[Task directions] Reproduce the entries that follow precisely, setting aside any images.
══════
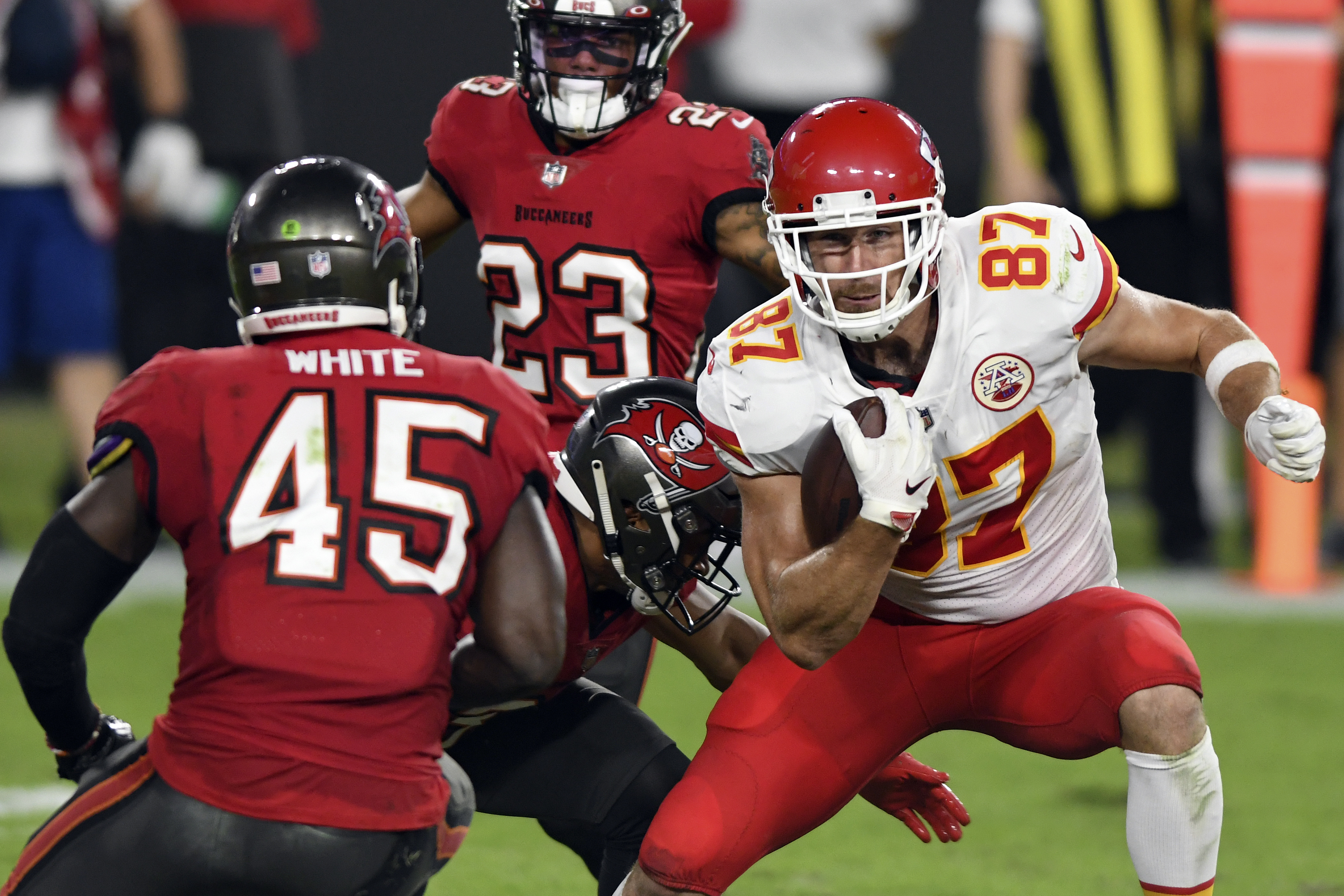 Mahomes, Hill light up Bucs, Chiefs hold on vs. Brady 27-24 –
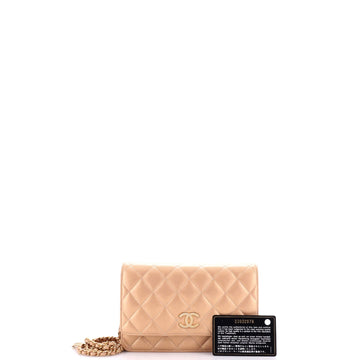 Textured CC Wallet on Chain Quilted Caviar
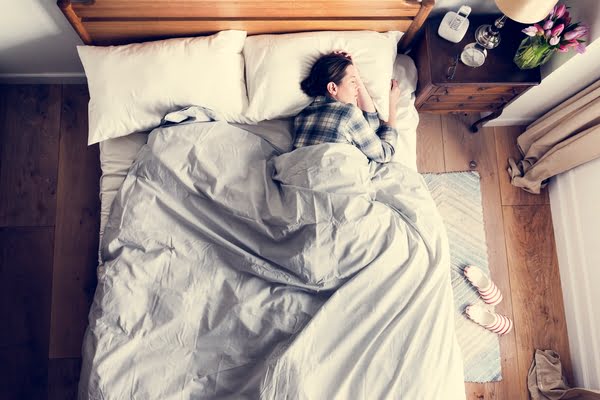 yanlış uyku pozisyonu sebebi ile kadınlarda sırt ağrısı
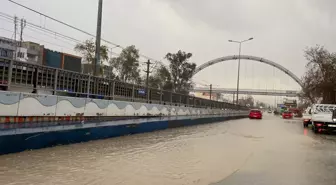 Antalya Aksu'da Sağanak Yağış Hayatı Olumsuz Etkiledi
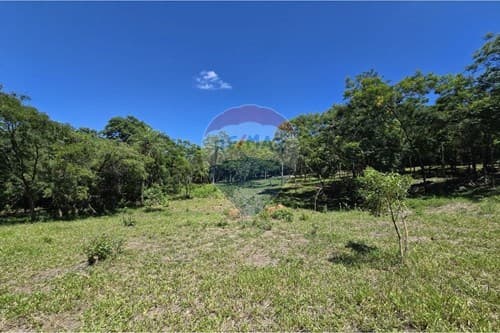 Terreno con vista al lago en San Bernardino — foto principal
══════
[Solution for this exercise]
 Mahomes, Hill light up Bucs, Chiefs hold on vs. Brady 27-24 –
 Textured CC Wallet on Chain Quilted Caviar
 yanlış uyku pozisyonu sebebi ile kadınlarda sırt ağrısı
 Antalya Aksu'da Sağanak Yağış Hayatı Olumsuz Etkiledi
 Terreno con vista al lago en San Bernardino — foto principal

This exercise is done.